Let us now generalize our perturbation analysis to deal with systems possessing more than two energy eigenstates. Consider a system in which the energy eigenstates of the unperturbed Hamiltonian, $$H_0$$, are denoted $H_0\,\psi_n = E_n\,\psi_n,$ where $$n$$ runs from 1 to $$N$$. The eigenstates are assumed to be orthonormal, so that $\langle m|n\rangle = \delta_{nm},$ and to form a complete set.
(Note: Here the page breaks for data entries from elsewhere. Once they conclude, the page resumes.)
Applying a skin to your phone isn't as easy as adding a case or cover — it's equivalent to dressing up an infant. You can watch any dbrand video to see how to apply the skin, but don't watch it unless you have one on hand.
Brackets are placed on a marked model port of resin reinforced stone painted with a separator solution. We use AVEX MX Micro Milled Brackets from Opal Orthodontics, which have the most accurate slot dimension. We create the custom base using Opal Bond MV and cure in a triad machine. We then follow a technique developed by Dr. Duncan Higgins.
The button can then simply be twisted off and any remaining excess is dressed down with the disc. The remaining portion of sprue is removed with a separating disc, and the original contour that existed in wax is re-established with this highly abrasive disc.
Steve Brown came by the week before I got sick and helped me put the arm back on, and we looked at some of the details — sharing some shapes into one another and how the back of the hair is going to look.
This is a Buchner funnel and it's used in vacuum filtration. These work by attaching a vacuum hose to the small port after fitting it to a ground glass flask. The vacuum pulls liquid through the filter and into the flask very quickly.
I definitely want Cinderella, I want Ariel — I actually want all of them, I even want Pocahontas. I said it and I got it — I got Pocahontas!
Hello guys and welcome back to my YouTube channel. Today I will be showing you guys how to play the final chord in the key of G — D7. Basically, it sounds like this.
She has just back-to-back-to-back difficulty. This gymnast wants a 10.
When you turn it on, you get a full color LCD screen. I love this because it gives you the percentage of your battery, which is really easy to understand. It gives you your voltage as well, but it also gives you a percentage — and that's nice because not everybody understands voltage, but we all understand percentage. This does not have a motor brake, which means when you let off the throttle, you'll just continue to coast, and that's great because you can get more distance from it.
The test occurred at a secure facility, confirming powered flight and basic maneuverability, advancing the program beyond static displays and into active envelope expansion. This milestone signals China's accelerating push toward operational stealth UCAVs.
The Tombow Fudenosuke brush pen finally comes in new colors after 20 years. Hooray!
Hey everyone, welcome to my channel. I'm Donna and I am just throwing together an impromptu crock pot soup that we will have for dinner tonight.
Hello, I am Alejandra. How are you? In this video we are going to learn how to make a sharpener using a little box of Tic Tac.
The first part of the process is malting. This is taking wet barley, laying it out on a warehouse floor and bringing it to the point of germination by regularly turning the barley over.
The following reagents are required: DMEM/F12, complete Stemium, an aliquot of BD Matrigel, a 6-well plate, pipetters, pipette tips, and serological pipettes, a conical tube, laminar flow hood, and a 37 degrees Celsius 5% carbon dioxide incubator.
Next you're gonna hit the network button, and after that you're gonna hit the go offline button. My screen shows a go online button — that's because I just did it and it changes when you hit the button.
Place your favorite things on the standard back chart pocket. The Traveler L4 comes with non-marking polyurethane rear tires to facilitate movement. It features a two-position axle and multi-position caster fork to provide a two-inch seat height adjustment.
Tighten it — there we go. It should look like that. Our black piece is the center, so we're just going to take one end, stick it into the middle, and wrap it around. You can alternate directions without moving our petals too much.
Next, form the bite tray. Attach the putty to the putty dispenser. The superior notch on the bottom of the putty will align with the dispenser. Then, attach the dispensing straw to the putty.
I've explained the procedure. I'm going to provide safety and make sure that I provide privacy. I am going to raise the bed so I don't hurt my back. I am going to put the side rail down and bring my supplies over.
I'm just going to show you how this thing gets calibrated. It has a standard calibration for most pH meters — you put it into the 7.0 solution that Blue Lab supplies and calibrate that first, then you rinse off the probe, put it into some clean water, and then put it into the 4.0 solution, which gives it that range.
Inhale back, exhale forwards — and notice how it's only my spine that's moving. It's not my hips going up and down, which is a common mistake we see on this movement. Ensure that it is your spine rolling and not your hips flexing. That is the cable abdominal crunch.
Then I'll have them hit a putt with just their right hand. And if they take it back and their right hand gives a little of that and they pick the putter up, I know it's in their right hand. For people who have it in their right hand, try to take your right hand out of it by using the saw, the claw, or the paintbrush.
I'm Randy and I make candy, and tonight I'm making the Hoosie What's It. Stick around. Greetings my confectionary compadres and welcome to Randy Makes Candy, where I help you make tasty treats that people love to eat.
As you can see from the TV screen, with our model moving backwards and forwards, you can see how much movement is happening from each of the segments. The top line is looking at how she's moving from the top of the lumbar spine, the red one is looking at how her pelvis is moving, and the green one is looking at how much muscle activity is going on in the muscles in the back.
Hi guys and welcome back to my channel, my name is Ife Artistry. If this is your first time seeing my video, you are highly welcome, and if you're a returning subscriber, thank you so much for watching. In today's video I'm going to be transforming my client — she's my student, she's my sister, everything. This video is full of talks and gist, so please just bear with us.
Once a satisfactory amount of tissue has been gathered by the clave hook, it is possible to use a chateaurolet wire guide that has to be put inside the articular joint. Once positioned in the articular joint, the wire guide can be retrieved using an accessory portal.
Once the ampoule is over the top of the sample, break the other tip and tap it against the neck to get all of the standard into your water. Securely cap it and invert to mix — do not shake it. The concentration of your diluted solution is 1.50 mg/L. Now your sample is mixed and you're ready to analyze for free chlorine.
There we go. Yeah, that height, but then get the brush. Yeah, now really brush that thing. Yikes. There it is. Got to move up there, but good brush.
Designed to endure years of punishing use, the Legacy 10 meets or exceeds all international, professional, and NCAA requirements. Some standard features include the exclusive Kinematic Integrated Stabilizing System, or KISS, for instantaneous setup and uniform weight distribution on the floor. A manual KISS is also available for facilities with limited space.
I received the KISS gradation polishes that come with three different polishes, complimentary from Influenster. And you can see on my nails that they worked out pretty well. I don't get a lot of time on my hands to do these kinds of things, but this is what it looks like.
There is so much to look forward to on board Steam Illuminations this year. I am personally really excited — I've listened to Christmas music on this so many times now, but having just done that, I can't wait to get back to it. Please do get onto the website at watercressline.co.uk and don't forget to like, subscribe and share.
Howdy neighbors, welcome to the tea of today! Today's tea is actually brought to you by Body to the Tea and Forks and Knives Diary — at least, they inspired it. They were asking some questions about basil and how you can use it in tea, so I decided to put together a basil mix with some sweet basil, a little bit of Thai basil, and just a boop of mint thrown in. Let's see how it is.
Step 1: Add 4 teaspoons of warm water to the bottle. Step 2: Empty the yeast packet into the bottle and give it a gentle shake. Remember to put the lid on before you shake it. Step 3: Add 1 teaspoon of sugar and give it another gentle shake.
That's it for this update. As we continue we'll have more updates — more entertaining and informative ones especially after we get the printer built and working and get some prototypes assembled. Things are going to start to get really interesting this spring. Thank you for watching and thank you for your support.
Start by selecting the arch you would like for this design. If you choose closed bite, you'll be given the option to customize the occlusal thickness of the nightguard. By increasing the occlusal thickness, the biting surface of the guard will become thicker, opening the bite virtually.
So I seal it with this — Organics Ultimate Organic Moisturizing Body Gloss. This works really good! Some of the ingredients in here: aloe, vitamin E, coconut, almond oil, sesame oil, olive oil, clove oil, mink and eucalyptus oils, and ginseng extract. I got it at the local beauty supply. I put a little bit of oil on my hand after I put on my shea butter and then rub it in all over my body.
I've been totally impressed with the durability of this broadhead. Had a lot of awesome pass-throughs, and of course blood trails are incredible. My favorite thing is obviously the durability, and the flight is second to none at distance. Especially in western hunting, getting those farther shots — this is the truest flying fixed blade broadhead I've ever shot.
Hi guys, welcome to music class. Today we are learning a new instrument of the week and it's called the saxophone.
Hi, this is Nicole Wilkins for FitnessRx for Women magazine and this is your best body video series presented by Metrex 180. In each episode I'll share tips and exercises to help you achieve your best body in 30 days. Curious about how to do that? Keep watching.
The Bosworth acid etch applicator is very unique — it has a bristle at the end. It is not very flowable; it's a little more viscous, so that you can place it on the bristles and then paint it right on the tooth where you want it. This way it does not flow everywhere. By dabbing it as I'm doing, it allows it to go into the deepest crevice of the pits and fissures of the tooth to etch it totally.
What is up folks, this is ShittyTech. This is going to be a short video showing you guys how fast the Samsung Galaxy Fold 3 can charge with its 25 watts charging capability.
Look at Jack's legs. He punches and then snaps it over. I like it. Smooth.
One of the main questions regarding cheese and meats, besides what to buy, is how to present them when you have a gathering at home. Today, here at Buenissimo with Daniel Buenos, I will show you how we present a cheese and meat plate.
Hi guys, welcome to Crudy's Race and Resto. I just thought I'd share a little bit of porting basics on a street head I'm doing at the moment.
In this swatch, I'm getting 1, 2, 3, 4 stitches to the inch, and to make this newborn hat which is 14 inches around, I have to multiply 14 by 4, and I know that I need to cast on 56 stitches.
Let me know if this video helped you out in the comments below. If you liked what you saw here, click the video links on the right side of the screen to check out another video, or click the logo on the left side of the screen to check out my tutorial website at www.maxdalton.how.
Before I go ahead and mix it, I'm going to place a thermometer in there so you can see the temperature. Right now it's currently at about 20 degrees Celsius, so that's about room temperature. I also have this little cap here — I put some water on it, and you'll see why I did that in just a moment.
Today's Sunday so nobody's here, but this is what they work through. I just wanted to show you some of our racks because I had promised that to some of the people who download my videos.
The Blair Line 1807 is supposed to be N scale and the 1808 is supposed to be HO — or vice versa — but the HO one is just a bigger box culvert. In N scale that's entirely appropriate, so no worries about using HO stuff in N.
Let us now try to solve the energy eigenvalue problem for the perturbed Hamiltonian: $(H_0+H_1)\,\psi_E = E\,\psi_E.$ It follows that $\langle m|H_0+H_1|E\rangle = E\,\langle m |E\rangle,$ where $$m$$ can take any value from 1 to $$N$$. Now, we can express $$\psi_E$$ as a linear superposition of the unperturbed energy eigenstates: $\psi_E = \sum_k \langle k|E\rangle\,\psi_k,$ where $$k$$ runs from 1 to $$N$$. We can combine the previous equations to give

$\label{e12.45} (E_m-E+e_{mm})\,\langle m|E\rangle + \sum_{k\neq m} e_{mk}\,\langle k|E\rangle = 0,$ where $e_{mk} =\langle m|H_1| k\rangle.$

Let us now develop our perturbation expansion. We assume that $\frac{e_{mk}}{E_m-E_k} \sim {\cal O}(\epsilon)$ for all $$m\neq k$$, where $$\epsilon\ll 1$$ is our expansion parameter. We also assume that $\frac{e_{mm}}{E_m}\sim {\cal O}(\epsilon)$ for all $$m$$. Let us search for a modified version of the $$n$$th unperturbed energy eigenstate for which $E = E_n + {\cal O}(\epsilon),$ and \begin{aligned} \langle n|E\rangle &= 1,\\[0.5ex] \langle m|E\rangle&={\cal O}(\epsilon)\end{aligned} for $$m\neq n$$. Suppose that we write out Equation ([e12.45]) for $$m\neq n$$, neglecting terms that are $${\cal O}(\epsilon^{\,2})$$ according to our expansion scheme. We find that $(E_m-E_n)\,\langle m|E\rangle + e_{mn} \simeq 0,$ giving $\langle m|E\rangle \simeq - \frac{e_{mn}}{E_m-E_n}.$ Substituting the previous expression into Equation ([e12.45]), evaluated for $$m=n$$, and neglecting $${\cal O}(\epsilon^{\,3})$$ terms, we obtain $(E_n-E+e_{nn})-\sum_{k\neq n}\frac{|e_{nk}|^{\,2}}{E_k-E_n} \simeq 0.$ Thus, the modified $$n$$th energy eigenstate possesses an eigenvalue

$$E_{n}^{\prime}=E_{n}+e_{n n}+\sum_{k \neq n} \frac{\left|e_{n k}\right|^{2}}{E_{n}-E_{k}}+\mathcal{O}\left(\epsilon^{3}\right)$$ and a wavefunction

$\label{e12.57} \psi_n' = \psi_n + \sum_{k\neq n} \frac{e_{kn}}{E_n-E_k}\,\psi_k + {\cal O}(\epsilon^{\,2}).$ Incidentally, it is easily demonstrated that the modified eigenstates remain orthonormal to $${\cal O}(\epsilon^{\,2})$$.